The Crowded Playground
The eSIM market is genuinely hot right now. Adoption is climbing thanks to wider device compatibility and the rise of remote work and travel. Investors are pouring money into the space. Startups like Airalo, Roamless, Kolet, and eSIMo have all raised millions in the last year. The tailwind is real.
But so is the competition. Truecaller isn’t entering a vacant market. It’s entering a market where several well-funded, specialized players already exist. These competitors aren’t distracted by imploding ad businesses. They’re laser-focused on eSIM. They’ve built entire companies around this single product. Truecaller, by contrast, is adding eSIM to a caller ID app as a Hail Mary.
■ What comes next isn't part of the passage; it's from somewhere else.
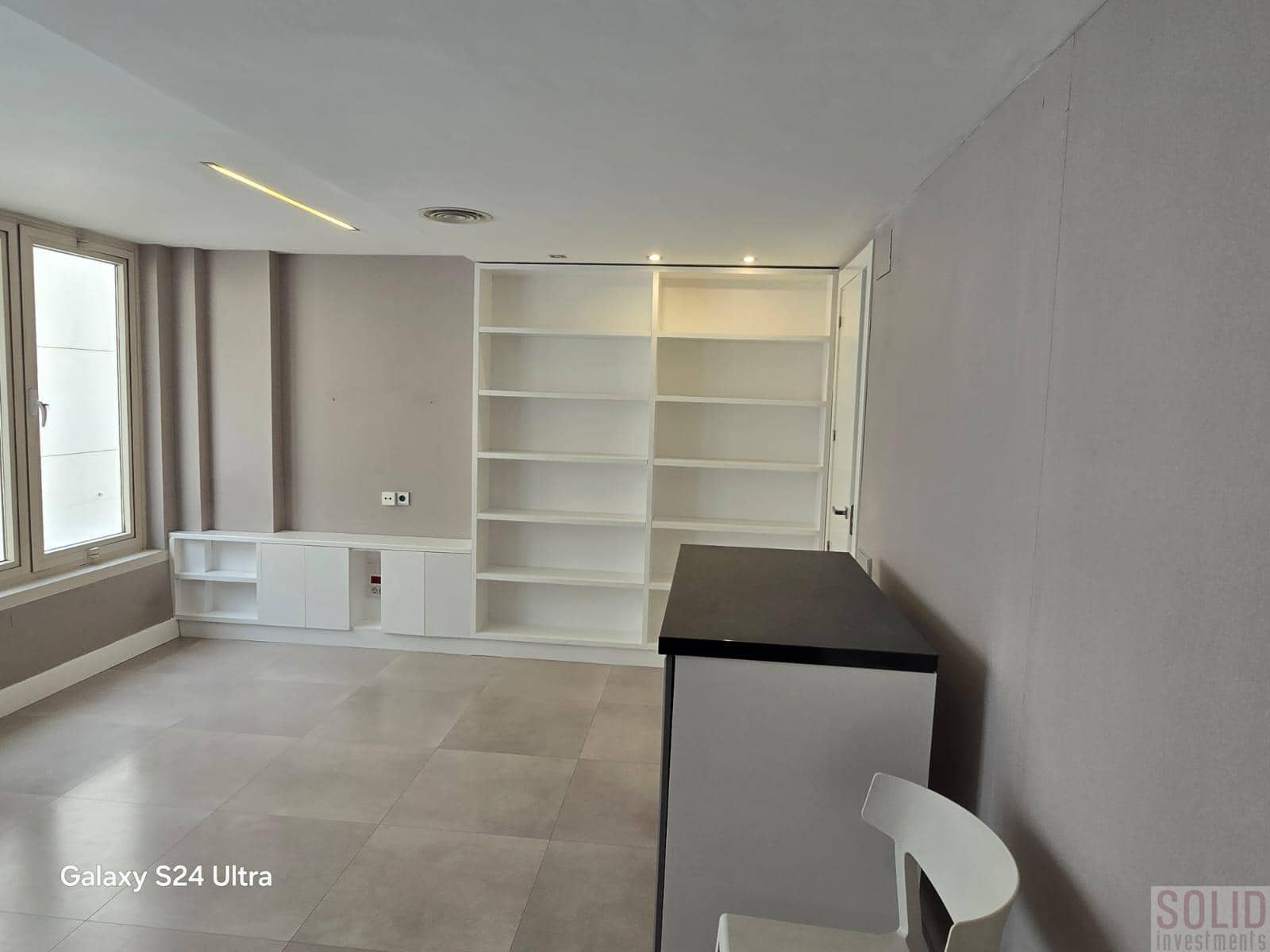 3 sypialnia Mieszkanie do wynajęcia w Miasto Walencja - 2 000 € (Ref: 9211602)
The company’s data plans are modest by eSIM standards: 1 GB over 7 days up to 20 GB over 30 days. Initially available in 29 countries, the service is noticeably absent from India, Truecaller’s largest market, due to India’s strict telecom regulations that previously blocked rivals like Airalo and Holafly over fraud concerns.
The Real Problem
Here’s the uncomfortable truth: eSIM services have thin margins. Success requires scale, network effects, and efficiency. Truecaller has scale within its existing userbase, but launching in 29 countries is a global operation. That requires infrastructure, partnerships, regulatory compliance, and customer support across multiple regions and languages. It requires a team obsessed with telecom. Truecaller is a caller ID company that just fired 70 people.
Yes, the company is working with established partners. It’s partnering with Telna for cellular connectivity and Telness Tech for telecom software. That’s sensible outsourcing. But outsourcing doesn’t eliminate the execution risk. The company still needs to market the product, handle customer issues, manage churn, and compete on pricing.
More importantly, eSIM services are a discretionary purchase for most users. Truecaller’s core product, spam call blocking, solves an immediate pain. eSIM plans solve a need only when someone travels internationally. The funnel is narrower. Conversion rates will likely be lower than the company hopes.
The Broader Strategy
What’s really happening here is that Truecaller is trying to shift from an ad-revenue company to a subscription-revenue company. The eSIM launch sits alongside other bets like AI Assistant and Family Protection features. None of these individually seems revolutionary. Together, they represent a pivot away from advertising, which makes sense given how badly that revenue stream has deteriorated.
The problem is that pivots take time, and Truecaller doesn’t have much runway. Missing India, your biggest market, because of regulatory barriers is a meaningful constraint. It means you’re fighting with one arm tied behind your back. The addressable market is smaller than it could be.
That said, Truecaller’s 500 million user advantage shouldn’t be dismissed. If even 2 to 3 percent of those users buy an eSIM plan once a year, the numbers could add up. That’s not a replacement for lost ad revenue, but it’s real money. The company might make this work, not because eSIM is a magical business, but because it has the distribution to avoid complete failure.
The question isn’t whether Truecaller can survive this pivot. It’s whether it can execute it well enough to restore investor confidence while simultaneously rebuilding its core business and fending off better-capitalized competitors in a market that punishes anything less than excellence.